(Collection entries)
+++++
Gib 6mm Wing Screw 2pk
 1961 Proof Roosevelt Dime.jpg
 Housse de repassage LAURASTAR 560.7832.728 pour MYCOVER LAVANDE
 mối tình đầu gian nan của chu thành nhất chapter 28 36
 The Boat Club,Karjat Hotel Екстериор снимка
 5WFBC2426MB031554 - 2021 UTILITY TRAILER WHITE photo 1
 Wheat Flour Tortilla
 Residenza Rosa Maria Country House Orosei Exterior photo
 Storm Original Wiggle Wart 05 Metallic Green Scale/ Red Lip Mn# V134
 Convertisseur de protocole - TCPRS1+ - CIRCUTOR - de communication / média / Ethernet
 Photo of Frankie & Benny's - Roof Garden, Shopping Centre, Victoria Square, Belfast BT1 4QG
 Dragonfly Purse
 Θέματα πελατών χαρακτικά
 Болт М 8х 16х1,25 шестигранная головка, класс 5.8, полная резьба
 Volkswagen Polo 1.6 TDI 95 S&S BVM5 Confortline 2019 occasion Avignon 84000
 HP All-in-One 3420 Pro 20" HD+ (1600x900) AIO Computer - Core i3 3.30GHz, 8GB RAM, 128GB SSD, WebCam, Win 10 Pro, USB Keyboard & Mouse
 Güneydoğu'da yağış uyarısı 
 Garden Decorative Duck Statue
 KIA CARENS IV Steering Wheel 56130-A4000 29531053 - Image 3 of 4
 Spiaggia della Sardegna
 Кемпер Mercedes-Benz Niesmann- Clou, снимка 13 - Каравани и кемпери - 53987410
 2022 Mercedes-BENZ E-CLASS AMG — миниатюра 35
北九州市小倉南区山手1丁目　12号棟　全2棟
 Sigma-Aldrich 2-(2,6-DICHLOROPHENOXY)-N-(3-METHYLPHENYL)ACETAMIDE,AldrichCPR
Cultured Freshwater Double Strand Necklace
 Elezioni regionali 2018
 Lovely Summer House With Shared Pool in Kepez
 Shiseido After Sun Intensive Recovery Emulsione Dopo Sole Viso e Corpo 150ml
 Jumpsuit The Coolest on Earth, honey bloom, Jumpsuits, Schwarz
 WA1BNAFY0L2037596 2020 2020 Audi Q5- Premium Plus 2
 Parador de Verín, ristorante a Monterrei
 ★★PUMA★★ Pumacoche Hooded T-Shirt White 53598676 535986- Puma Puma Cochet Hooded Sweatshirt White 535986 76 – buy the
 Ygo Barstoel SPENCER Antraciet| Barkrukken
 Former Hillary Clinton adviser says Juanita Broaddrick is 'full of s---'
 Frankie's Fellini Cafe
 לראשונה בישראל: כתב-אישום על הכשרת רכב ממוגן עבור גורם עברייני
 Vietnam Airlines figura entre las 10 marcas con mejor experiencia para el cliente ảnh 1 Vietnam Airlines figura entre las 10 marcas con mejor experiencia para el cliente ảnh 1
+++++
* **Problem to work on**:
What is needed is an exact copy of the lines from the one containing "Volkswagen Polo 1.6" through the final line of the data, both included, and nothing more.

* **Output for this task**:
 Volkswagen Polo 1.6 TDI 95 S&S BVM5 Confortline 2019 occasion Avignon 84000
 HP All-in-One 3420 Pro 20" HD+ (1600x900) AIO Computer - Core i3 3.30GHz, 8GB RAM, 128GB SSD, WebCam, Win 10 Pro, USB Keyboard & Mouse
 Güneydoğu'da yağış uyarısı 
 Garden Decorative Duck Statue
 KIA CARENS IV Steering Wheel 56130-A4000 29531053 - Image 3 of 4
 Spiaggia della Sardegna
 Кемпер Mercedes-Benz Niesmann- Clou, снимка 13 - Каравани и кемпери - 53987410
 2022 Mercedes-BENZ E-CLASS AMG — миниатюра 35
北九州市小倉南区山手1丁目　12号棟　全2棟
 Sigma-Aldrich 2-(2,6-DICHLOROPHENOXY)-N-(3-METHYLPHENYL)ACETAMIDE,AldrichCPR
Cultured Freshwater Double Strand Necklace
 Elezioni regionali 2018
 Lovely Summer House With Shared Pool in Kepez
 Shiseido After Sun Intensive Recovery Emulsione Dopo Sole Viso e Corpo 150ml
 Jumpsuit The Coolest on Earth, honey bloom, Jumpsuits, Schwarz
 WA1BNAFY0L2037596 2020 2020 Audi Q5- Premium Plus 2
 Parador de Verín, ristorante a Monterrei
 ★★PUMA★★ Pumacoche Hooded T-Shirt White 53598676 535986- Puma Puma Cochet Hooded Sweatshirt White 535986 76 – buy the
 Ygo Barstoel SPENCER Antraciet| Barkrukken
 Former Hillary Clinton adviser says Juanita Broaddrick is 'full of s---'
 Frankie's Fellini Cafe
 לראשונה בישראל: כתב-אישום על הכשרת רכב ממוגן עבור גורם עברייני
 Vietnam Airlines figura entre las 10 marcas con mejor experiencia para el cliente ảnh 1 Vietnam Airlines figura entre las 10 marcas con mejor experiencia para el cliente ảnh 1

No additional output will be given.